Start of Records for the exercise

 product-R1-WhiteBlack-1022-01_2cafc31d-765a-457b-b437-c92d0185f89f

End of Records for the exercise
Start of Records for the exercise

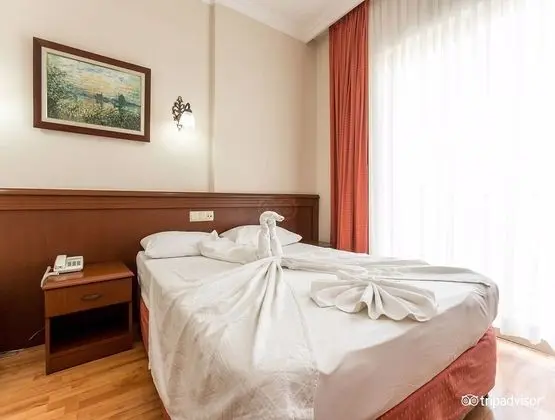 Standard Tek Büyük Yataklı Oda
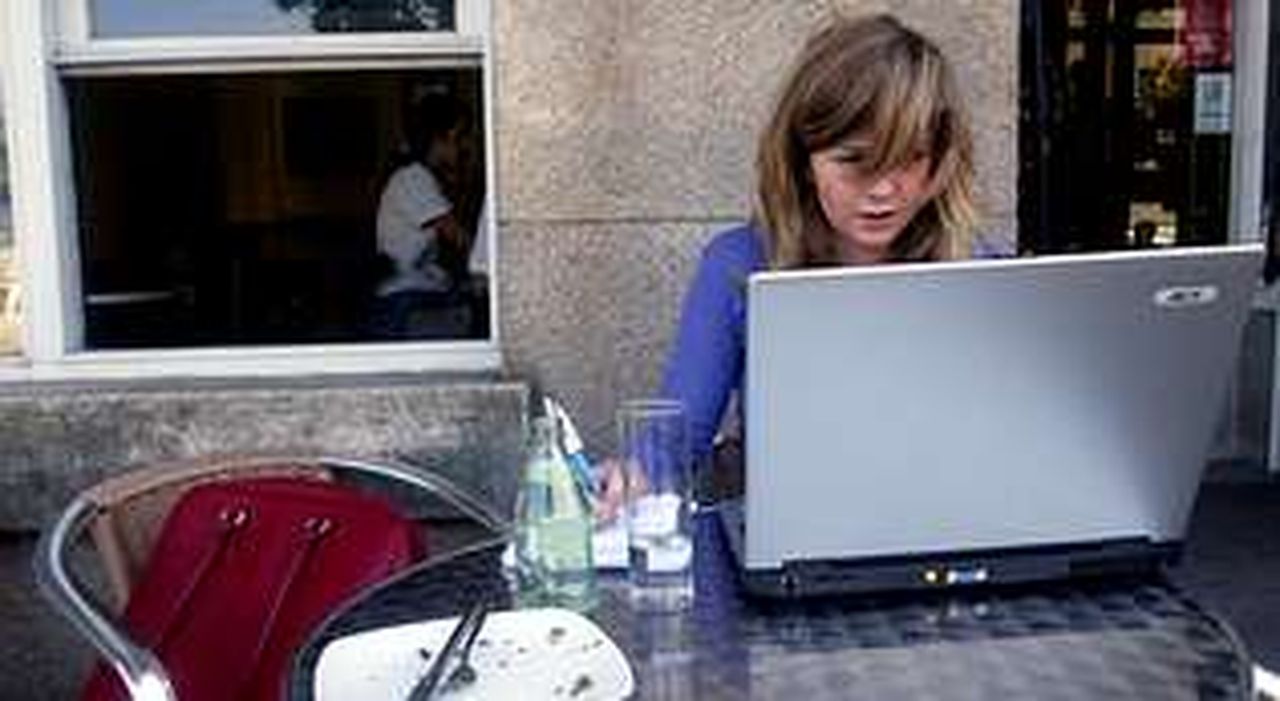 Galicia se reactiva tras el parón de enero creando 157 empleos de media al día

End of Records for the exercise

## Work to be completed
Each line above starting at the one holding "Standard Tek Büyük Yataklı Oda" and ending at the one holding "Galicia se reactiva" should be set down exactly as it stands, both ends included, with no pictures.

## Solution to this exercise
 Standard Tek Büyük Yataklı Oda
 Galicia se reactiva tras el parón de enero creando 157 empleos de media al día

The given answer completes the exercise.